Determining our religious beliefs in a casual and ad hoc fashion frequently leads to suboptimal results. Without thinking deeply and carefully, too often we end up keeping the bad parts and jettisoning the good ones. We end up with suboptimal and inconsistent belief systems that do not maximize the potential benefits our religion can bring to ourselves and others. We should each consider our religion (whether it is an explicit denomination or merely the core practices and ideals we have adopted from our peers and social groups) and jettison the bad parts, keep the good parts, and study the religions of others so that we can co-opt their useful parts and practice them ourselves. This should be an ongoing process – it is easy to fall into a rut and develop bad habits and rely on our past conclusions; reasonable religion is a lifelong approach of continual reevaluation, a never-ending accretion of positive religious practices and outlooks. Religion evolved because it conferred real benefits. Reasonable religion means thinking carefully and acting wisely to maximize those benefits.
So what is the best way to practice reasonable religion? Study the wisdom of the ages; compare, think, and explore; integrate what you find with modern scientific knowledge. Make the effort to discover and synthesize truth. Different, valuable approaches and perspectives often develop outside of your “group” that often end up being better than what you find within your normal range of experience. If you only ever look within your own tradition and social groups, insularity and groupthink will often lead you astray into false beliefs and conclusions. Don’t get stuck in an echo chamber: read and experience teachings and traditions outside your occupation, your field of study, or your religious tradition – you will find new insights and knowledge unattainable without venturing outside. Keep the good you already have, and look for more wherever you can get it.

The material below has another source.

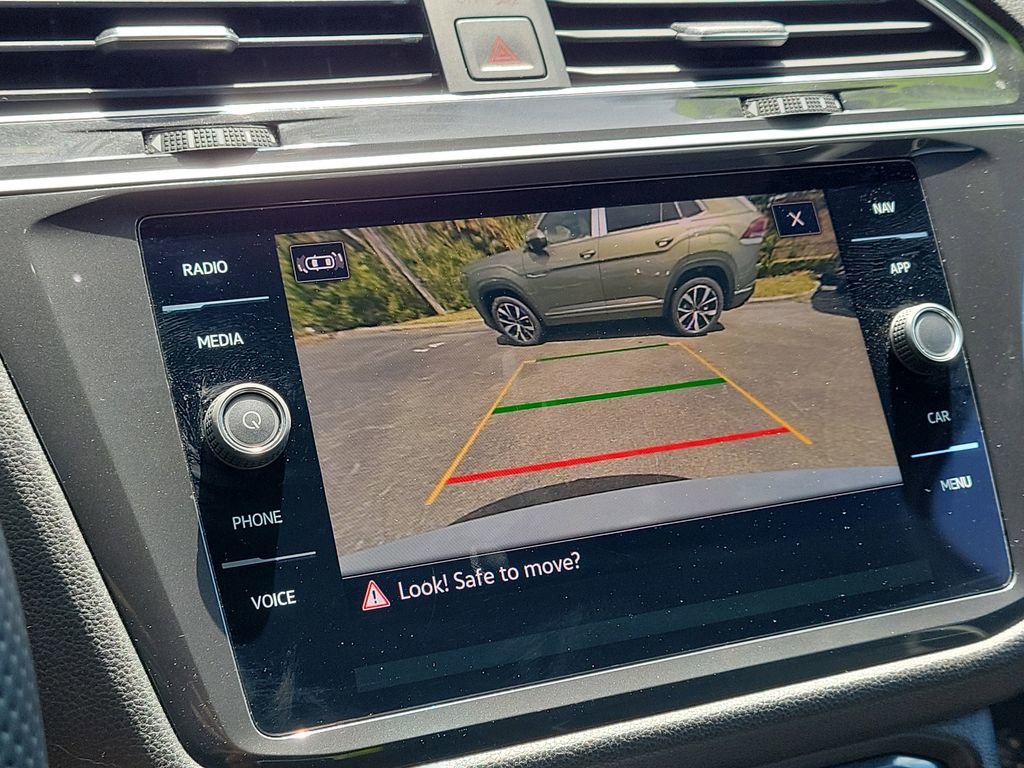 Used 2024 Volkswagen Tiguan SEL R-Line image 26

3 Environmentalists’ concerns for ritual impurity and achieving ritual cleanliness merely trades religious objects for a new set of secular objects. Their quasi-religious concern for avoiding “ungreen” products and using ritually pure objects often comes without rationally evaluating their behavior to figure out how they can actually make the most impact. The important thing to them becomes the ritual purity, and only secondarily achieving the most environmentally positive outcome. For example, animal loving environmentalists hold SUV drivers in contempt for their unclean gas-gizzling behavior even though many of those same environmentalists keep pet dogs and cats that have a greater adverse environmental impact than the SUV (http://abcnews.go.com/Technology/pet-dogs-damaging-environment-suvs/story?id=9402234). Their attitudes are more shaped by a reverential awe for “nature” than for actually minimizing their environmental impact. Another example is environmentally conscious drivers who gain ritual purity by driving their Prius, even though the energy used to build and operate a Prius may make it worse for the environment other simple gasoline-powered options like the Scion xB ( http://cnwmr.com/nss-folder/automotiveenergy/DUST%20PDF%20VERSION.pdf (PDF)). Many in the environmental movement also display ascetic tendencies that in previous years might have led them to a monastic life: the act itself of sacrificing is what they value most, rather than rationally evaluating the evidence and making the optimal choice. Their environmentalism becomes an excuse to display their innate religious tendencies.